**Problem to solve**
Only the lines from the one holding "A couple walks" through the end of the records below are to be reproduced exactly, and pictures are to be omitted.
·····
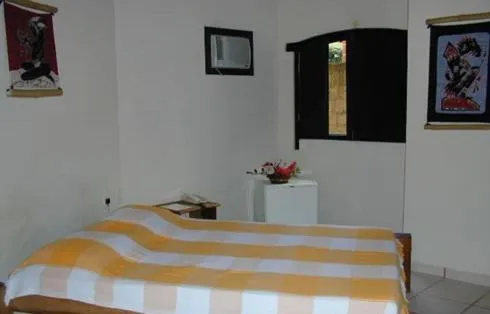 Photo of the whole room, Bed in Pousada O Cantinho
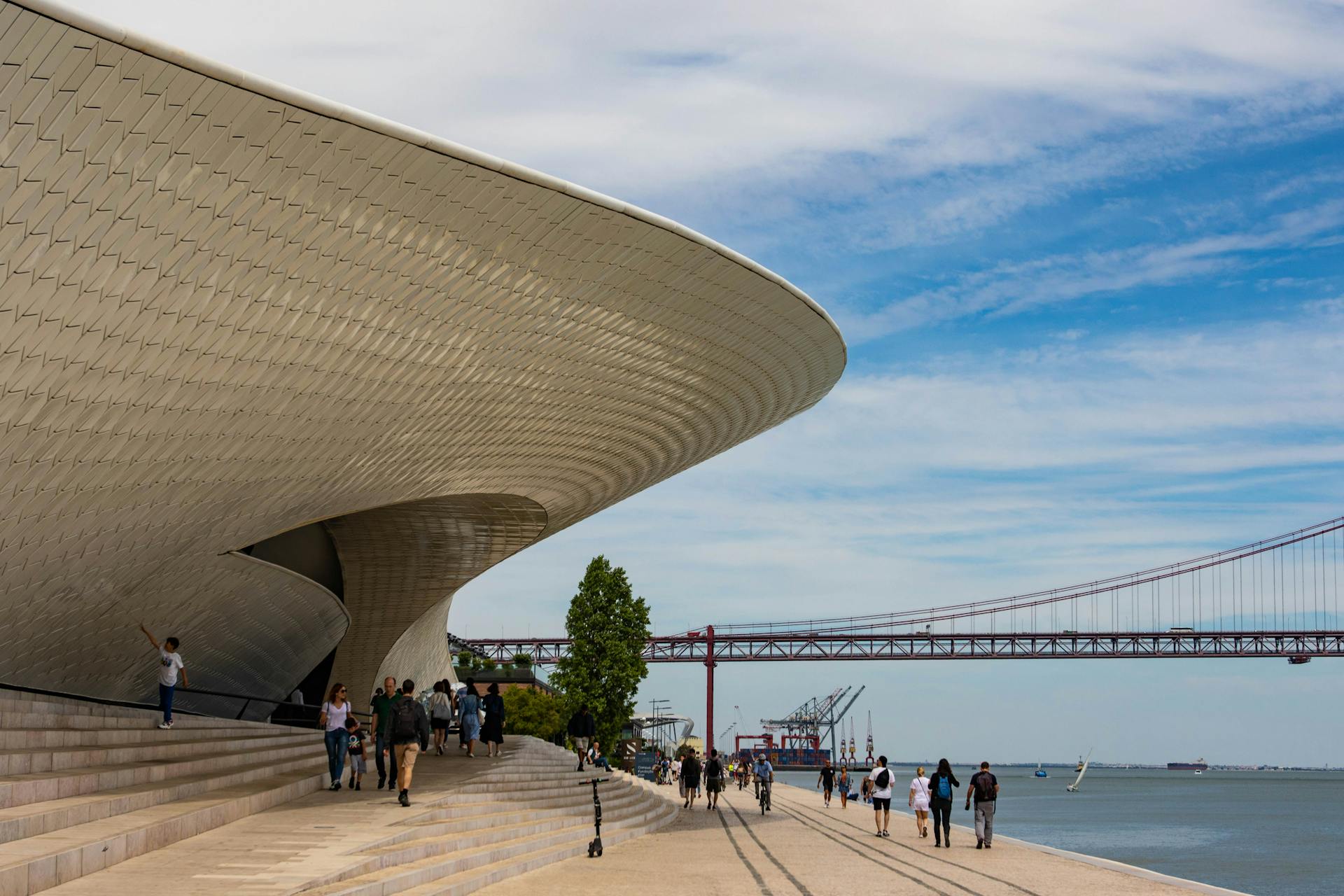 Explore the modern architecture and scenic walkway in Lisbon with a clear blue sky backdrop.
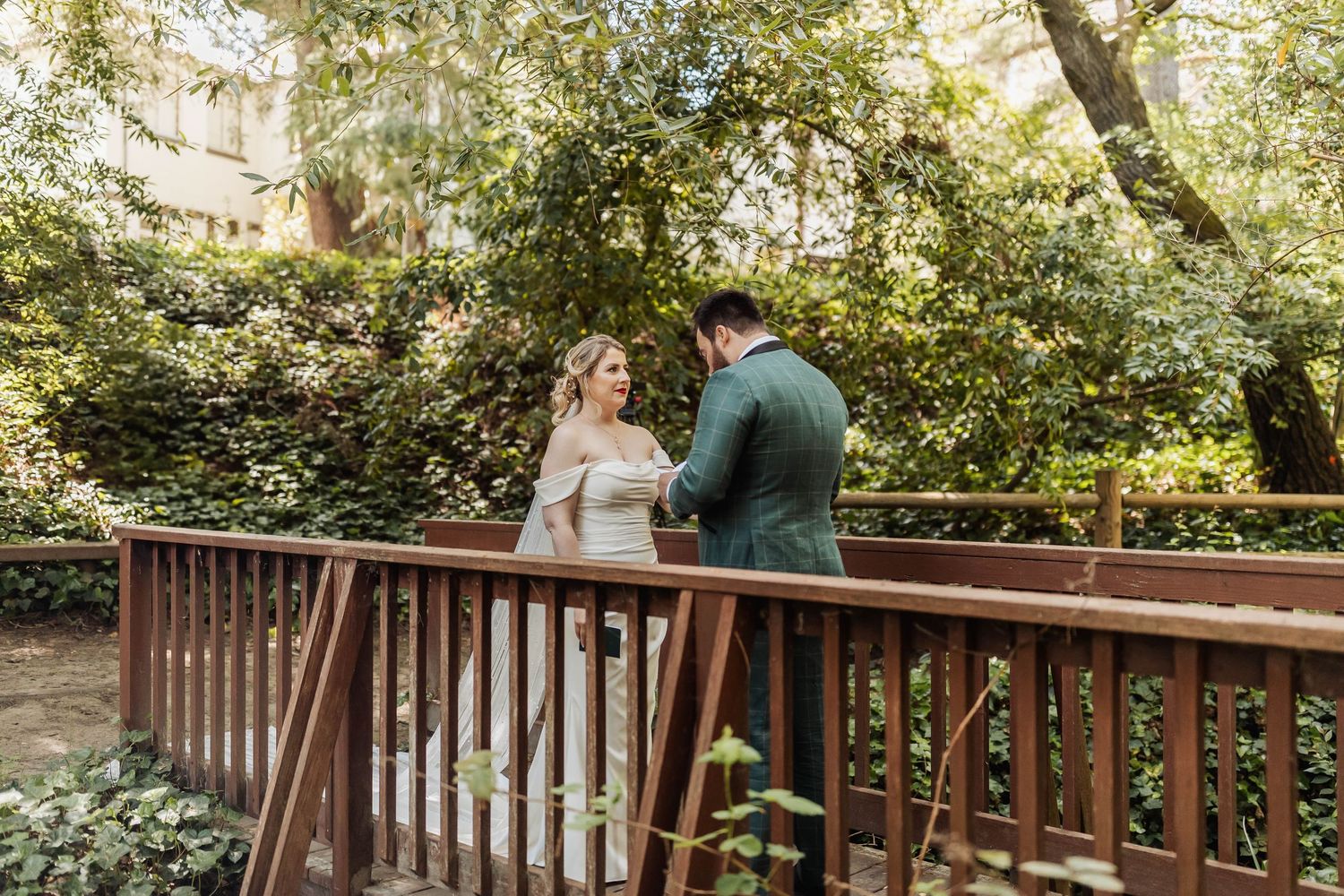 A couple walks along a rustic wooden bridge surrounded by trees and natural light.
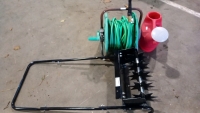 Black push spike lawn aerator, green/yellow Hozelock hosepipe with spray gun attached and red 10ltr Geeco watering can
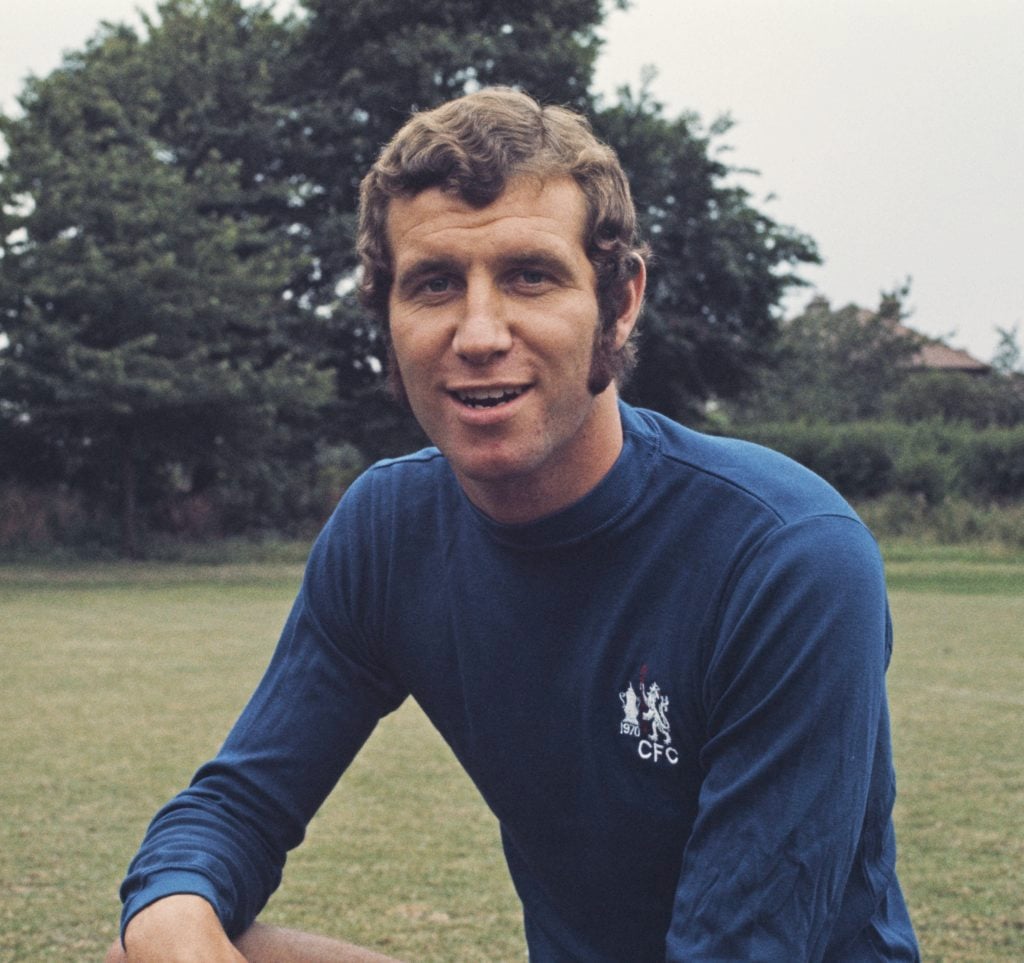 English professional footballer and forward with Chelsea Football Club, Peter Osgood (1947-2006) posed at Chelsea's training ground at the start of...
·····
**Result for this exercise**
 A couple walks along a rustic wooden bridge surrounded by trees and natural light.
 Black push spike lawn aerator, green/yellow Hozelock hosepipe with spray gun attached and red 10ltr Geeco watering can
 English professional footballer and forward with Chelsea Football Club, Peter Osgood (1947-2006) posed at Chelsea's training ground at the start of...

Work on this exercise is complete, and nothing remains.